Astrid Bonfield laughs at the suggestion that she's becoming a specialist in royal charities as she moves from leading the Diana, Princess of Wales Memorial Fund to become chief executive of the Queen Elizabeth Diamond Jubilee Trust. In fact, she seems keen to play down the royal link.
"Neither of them are technically royal charities, but foundations - and that is my background," she says. "I started off running a local NGO in Zimbabwe and have spent five years working in squatter camps, so I have always engaged in international development - through the Bernard van Leer Foundation and then the Aga Khan Foundation.
"It is all about opportunities, having the right background and my international and UK experience.
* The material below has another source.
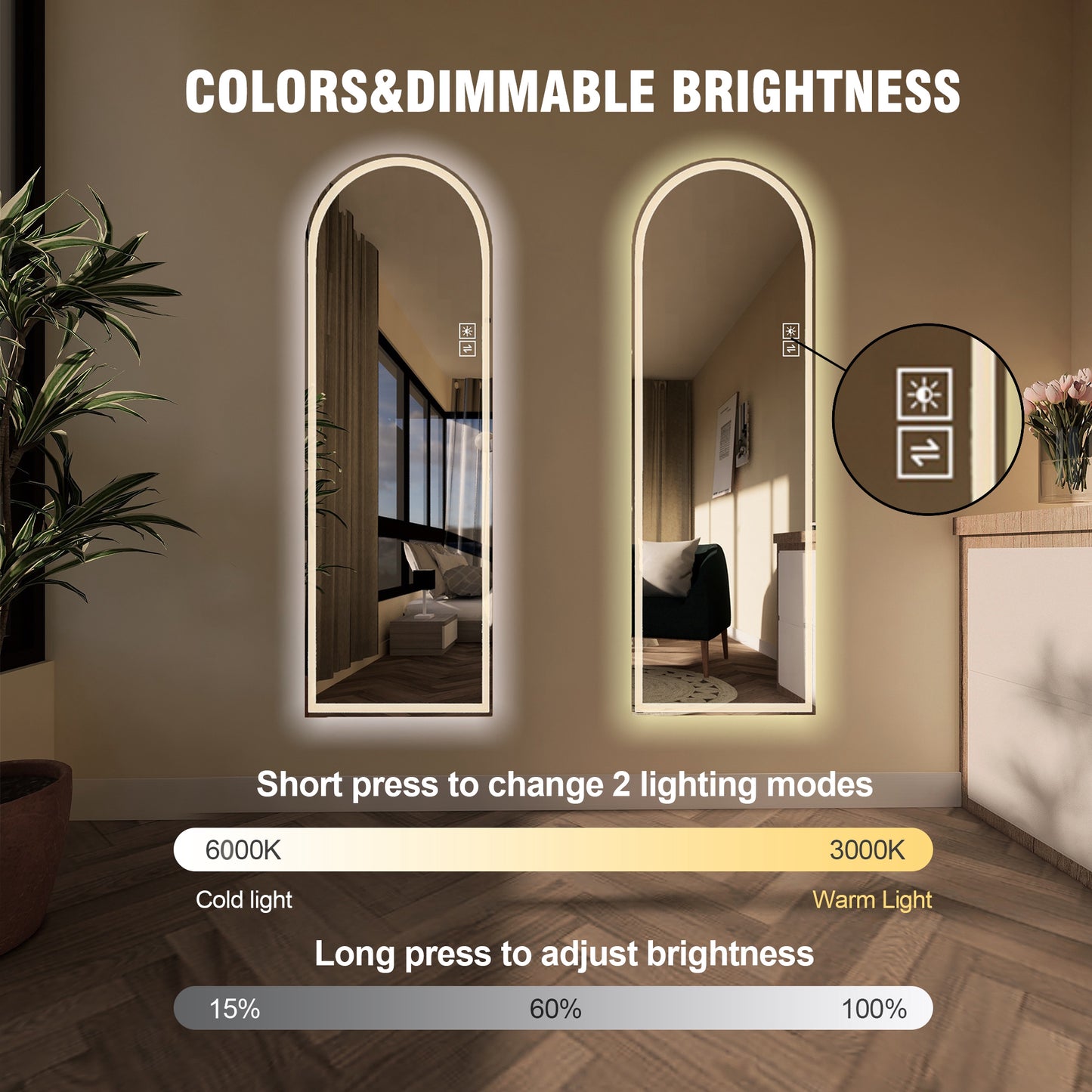 65" x 21" Arch LED Bathroom Mirror - Dimmable Anti-Fog Glass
I was just very fortunate to be given these opportunities."
Does a royal name bring a particular set of pressures? If there are pressures, she says, they come from the responsibility to maximise charity donations.
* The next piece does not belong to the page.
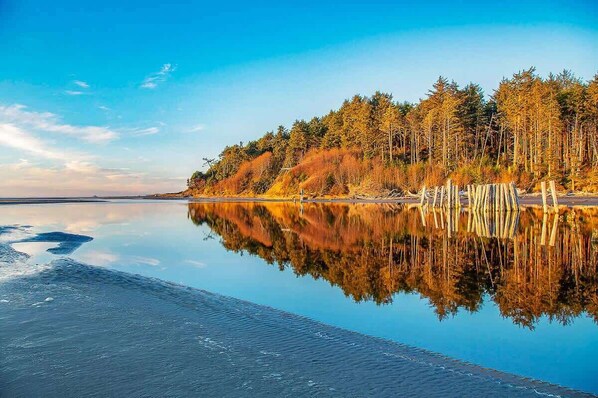 A calm lake with a forested shoreline and a clear reflection.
"If anything keeps you awake at night, it should be that - are the programmes working? Are we really making change and are we making people's lives better? That's definitely what drives me."
Both charities are spend-out foundations: the Diana fund is closing at the end of the year and the jubilee trust was set up by the Commonwealth heads of government in November 2011 with a five-year lifespan.
"It's a great privilege to have this one chance because you really do focus on outcome," she says. "It can be an interesting question to ask yourself: 'Would we do anything different if we were spending it all now?' Just asking that can really help you focus on what the best strategies are for you to gain those iconic outcomes.
"That's what we're all in this business to do - to achieve social justice and to change the way the world works; to end disadvantage. So that question gives it a sharp focus."
Bonfield finds the spend-out approach exciting and is proud of what the fund has achieved, including its work towards ending the detention of children in UK immigration centres and ensuring that palliative care is integrated into the treatment of people with life-limiting illnesses in sub-Saharan Africa.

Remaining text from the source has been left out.